**Assigned task:**
Exactly the line that contains "NO:143524,The top version" and the lines following it to the end of the data are to be reproduced, and nothing more.

[[ Data for review open ]]

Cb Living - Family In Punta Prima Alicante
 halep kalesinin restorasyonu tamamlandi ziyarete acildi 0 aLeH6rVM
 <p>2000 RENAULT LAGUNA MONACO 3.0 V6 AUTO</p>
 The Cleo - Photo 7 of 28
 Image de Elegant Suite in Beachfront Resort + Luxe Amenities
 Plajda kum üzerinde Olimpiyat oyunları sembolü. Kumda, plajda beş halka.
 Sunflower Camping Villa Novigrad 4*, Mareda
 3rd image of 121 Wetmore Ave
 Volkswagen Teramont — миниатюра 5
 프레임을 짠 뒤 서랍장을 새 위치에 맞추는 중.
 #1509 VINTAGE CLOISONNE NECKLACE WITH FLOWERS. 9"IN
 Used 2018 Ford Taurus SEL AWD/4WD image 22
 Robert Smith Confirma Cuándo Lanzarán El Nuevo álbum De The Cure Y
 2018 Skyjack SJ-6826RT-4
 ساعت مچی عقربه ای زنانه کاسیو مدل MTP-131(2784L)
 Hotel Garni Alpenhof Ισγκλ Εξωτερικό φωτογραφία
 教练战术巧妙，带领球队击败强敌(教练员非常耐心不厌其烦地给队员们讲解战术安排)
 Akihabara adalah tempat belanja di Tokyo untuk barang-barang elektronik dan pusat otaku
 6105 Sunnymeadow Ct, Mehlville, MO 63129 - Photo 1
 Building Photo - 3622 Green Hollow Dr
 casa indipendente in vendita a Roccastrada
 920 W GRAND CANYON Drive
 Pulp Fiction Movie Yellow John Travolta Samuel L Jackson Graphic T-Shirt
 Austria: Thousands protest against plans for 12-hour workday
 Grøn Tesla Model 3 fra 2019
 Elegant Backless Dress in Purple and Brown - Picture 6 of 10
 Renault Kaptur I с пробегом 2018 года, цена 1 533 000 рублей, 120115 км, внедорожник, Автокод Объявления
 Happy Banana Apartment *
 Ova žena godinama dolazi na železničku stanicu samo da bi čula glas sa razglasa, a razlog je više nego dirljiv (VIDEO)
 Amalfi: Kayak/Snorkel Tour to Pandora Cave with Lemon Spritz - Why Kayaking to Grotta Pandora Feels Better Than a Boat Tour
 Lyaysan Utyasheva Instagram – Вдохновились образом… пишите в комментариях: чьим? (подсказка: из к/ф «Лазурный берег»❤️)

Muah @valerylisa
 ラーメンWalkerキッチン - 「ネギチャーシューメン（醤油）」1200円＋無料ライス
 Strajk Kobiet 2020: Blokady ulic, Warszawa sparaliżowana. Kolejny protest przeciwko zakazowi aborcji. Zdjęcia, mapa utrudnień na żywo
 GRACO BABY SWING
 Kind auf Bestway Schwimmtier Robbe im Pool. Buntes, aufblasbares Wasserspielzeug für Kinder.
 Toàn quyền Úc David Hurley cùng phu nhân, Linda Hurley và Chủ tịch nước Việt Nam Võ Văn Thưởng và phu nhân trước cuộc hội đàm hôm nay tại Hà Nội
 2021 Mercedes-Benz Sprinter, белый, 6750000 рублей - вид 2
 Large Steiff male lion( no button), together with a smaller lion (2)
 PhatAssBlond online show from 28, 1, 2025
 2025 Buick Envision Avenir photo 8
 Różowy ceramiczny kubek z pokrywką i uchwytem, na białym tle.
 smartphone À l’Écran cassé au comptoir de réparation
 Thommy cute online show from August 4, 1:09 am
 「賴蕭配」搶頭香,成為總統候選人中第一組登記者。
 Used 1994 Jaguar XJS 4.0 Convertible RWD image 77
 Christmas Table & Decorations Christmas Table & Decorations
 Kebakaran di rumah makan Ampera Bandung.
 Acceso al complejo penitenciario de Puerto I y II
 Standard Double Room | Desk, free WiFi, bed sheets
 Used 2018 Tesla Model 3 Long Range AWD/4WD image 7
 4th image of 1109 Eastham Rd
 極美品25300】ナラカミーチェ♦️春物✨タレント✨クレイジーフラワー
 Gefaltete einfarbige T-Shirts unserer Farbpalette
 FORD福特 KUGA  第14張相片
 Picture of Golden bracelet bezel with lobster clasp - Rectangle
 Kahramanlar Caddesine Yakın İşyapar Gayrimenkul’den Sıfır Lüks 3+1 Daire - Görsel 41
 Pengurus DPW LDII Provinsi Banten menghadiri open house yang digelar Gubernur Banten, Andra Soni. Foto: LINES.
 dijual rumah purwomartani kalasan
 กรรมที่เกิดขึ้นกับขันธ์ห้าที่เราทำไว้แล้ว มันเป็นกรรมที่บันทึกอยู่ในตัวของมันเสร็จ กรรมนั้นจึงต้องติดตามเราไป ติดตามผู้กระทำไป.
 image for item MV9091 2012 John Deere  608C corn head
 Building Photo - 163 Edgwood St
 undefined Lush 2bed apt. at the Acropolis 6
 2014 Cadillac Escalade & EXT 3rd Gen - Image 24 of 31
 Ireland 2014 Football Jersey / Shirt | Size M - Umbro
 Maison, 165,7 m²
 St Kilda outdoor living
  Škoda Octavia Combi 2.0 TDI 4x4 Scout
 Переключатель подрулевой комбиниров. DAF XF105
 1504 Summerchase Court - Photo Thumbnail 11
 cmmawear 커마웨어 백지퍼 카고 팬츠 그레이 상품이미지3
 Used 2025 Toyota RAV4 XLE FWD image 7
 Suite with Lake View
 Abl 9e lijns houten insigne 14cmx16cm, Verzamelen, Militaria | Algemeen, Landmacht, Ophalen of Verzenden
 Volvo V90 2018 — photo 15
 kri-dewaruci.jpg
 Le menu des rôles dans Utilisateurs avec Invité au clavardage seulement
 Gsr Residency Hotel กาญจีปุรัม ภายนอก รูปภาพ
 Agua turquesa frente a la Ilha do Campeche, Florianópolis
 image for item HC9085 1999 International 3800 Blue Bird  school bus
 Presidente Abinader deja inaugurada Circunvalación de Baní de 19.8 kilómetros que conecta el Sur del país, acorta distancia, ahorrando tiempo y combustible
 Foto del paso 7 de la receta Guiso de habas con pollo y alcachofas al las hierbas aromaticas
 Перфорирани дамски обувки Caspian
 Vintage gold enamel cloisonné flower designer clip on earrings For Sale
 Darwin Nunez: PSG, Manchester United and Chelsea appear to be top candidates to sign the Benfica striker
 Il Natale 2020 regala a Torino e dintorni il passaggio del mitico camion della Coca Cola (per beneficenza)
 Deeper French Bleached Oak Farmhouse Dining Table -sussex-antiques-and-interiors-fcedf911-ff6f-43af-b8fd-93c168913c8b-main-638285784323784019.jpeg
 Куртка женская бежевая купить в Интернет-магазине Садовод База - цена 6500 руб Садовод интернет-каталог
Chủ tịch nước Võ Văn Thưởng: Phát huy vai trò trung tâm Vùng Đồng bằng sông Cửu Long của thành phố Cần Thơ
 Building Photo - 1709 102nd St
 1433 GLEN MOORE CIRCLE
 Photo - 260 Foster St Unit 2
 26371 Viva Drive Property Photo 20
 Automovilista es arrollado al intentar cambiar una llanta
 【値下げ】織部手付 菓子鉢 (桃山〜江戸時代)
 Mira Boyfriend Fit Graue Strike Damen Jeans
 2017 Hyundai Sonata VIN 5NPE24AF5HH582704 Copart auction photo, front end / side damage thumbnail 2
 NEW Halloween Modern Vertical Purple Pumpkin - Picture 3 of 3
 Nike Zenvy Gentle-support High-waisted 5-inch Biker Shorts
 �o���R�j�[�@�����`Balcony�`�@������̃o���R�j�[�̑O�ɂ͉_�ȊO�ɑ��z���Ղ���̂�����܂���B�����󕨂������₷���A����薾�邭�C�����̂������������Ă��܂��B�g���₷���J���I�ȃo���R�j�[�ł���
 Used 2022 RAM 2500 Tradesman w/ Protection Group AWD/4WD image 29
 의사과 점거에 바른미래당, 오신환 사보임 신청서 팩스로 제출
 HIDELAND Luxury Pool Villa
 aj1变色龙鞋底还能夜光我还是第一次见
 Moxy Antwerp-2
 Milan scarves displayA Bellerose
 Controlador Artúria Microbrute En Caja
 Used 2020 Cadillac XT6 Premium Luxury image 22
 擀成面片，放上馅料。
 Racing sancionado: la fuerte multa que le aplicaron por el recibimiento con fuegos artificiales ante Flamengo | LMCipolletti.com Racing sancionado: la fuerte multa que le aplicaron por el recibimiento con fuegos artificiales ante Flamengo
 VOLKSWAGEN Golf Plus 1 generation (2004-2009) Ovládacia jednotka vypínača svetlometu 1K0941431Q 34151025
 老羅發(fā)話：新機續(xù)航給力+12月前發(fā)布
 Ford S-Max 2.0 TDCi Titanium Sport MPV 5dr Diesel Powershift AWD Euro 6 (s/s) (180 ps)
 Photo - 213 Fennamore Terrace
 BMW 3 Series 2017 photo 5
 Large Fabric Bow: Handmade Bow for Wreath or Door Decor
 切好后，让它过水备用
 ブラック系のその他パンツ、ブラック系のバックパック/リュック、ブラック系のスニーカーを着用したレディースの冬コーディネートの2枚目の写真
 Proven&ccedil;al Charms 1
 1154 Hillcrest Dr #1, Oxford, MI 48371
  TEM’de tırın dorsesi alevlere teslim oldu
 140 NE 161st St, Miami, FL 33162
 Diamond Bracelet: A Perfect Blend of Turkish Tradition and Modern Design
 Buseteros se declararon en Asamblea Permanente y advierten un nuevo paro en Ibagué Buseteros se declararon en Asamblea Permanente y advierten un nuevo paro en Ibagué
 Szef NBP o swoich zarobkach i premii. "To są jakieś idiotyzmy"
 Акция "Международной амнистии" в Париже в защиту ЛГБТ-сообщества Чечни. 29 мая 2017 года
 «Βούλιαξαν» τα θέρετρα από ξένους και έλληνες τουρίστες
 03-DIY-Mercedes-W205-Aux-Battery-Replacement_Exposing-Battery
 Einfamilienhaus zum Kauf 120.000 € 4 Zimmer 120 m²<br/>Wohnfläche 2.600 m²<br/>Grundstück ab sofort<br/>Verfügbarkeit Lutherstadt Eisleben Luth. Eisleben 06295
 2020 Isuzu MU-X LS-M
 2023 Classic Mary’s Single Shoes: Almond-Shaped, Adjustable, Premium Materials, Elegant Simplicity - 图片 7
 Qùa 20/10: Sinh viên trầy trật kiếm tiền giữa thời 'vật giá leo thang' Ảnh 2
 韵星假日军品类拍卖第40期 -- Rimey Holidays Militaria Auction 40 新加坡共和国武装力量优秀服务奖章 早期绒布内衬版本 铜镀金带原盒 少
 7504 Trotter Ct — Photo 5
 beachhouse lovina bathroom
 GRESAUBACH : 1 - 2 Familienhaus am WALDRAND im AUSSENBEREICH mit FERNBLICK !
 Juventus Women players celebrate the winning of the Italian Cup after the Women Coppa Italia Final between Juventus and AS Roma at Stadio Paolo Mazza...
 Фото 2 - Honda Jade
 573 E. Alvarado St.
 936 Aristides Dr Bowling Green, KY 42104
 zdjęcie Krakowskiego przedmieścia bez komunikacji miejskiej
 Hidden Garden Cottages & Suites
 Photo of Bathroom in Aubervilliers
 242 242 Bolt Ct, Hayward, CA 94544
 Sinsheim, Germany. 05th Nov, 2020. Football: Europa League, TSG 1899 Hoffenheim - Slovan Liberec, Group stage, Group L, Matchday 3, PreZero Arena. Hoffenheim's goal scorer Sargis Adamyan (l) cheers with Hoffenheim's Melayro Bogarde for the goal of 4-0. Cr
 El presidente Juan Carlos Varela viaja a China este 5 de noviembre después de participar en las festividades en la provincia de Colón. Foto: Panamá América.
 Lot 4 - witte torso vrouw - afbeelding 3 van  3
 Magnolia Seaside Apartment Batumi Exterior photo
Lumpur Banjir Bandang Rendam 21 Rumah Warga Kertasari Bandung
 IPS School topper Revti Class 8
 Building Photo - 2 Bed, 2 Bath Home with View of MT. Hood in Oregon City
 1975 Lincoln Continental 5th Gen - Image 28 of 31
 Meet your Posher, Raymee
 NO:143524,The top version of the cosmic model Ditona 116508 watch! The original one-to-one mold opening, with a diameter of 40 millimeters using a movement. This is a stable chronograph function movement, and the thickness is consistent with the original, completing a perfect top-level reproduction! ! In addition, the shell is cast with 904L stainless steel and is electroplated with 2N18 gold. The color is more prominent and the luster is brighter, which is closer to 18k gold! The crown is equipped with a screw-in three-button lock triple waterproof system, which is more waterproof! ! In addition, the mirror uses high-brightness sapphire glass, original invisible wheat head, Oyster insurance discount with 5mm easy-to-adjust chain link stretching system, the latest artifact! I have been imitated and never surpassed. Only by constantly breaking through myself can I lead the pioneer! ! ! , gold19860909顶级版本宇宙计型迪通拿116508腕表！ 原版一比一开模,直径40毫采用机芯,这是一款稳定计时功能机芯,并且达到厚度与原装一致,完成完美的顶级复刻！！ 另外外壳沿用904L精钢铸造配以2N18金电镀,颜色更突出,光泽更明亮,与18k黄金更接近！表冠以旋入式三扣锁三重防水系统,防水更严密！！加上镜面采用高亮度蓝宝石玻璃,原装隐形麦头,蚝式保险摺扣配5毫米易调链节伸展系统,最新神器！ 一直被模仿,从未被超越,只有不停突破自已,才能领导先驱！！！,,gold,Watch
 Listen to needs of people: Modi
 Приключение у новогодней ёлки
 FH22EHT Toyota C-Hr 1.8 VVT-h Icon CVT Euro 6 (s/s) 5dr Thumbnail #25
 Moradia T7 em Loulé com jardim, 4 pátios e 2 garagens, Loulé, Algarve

[[ Data for review closed ]]

**Answer box:**
 NO:143524,The top version of the cosmic model Ditona 116508 watch! The original one-to-one mold opening, with a diameter of 40 millimeters using a movement. This is a stable chronograph function movement, and the thickness is consistent with the original, completing a perfect top-level reproduction! ! In addition, the shell is cast with 904L stainless steel and is electroplated with 2N18 gold. The color is more prominent and the luster is brighter, which is closer to 18k gold! The crown is equipped with a screw-in three-button lock triple waterproof system, which is more waterproof! ! In addition, the mirror uses high-brightness sapphire glass, original invisible wheat head, Oyster insurance discount with 5mm easy-to-adjust chain link stretching system, the latest artifact! I have been imitated and never surpassed. Only by constantly breaking through myself can I lead the pioneer! ! ! , gold19860909顶级版本宇宙计型迪通拿116508腕表！ 原版一比一开模,直径40毫采用机芯,这是一款稳定计时功能机芯,并且达到厚度与原装一致,完成完美的顶级复刻！！ 另外外壳沿用904L精钢铸造配以2N18金电镀,颜色更突出,光泽更明亮,与18k黄金更接近！表冠以旋入式三扣锁三重防水系统,防水更严密！！加上镜面采用高亮度蓝宝石玻璃,原装隐形麦头,蚝式保险摺扣配5毫米易调链节伸展系统,最新神器！ 一直被模仿,从未被超越,只有不停突破自已,才能领导先驱！！！,,gold,Watch
 Listen to needs of people: Modi
 Приключение у новогодней ёлки
 FH22EHT Toyota C-Hr 1.8 VVT-h Icon CVT Euro 6 (s/s) 5dr Thumbnail #25
 Moradia T7 em Loulé com jardim, 4 pátios e 2 garagens, Loulé, Algarve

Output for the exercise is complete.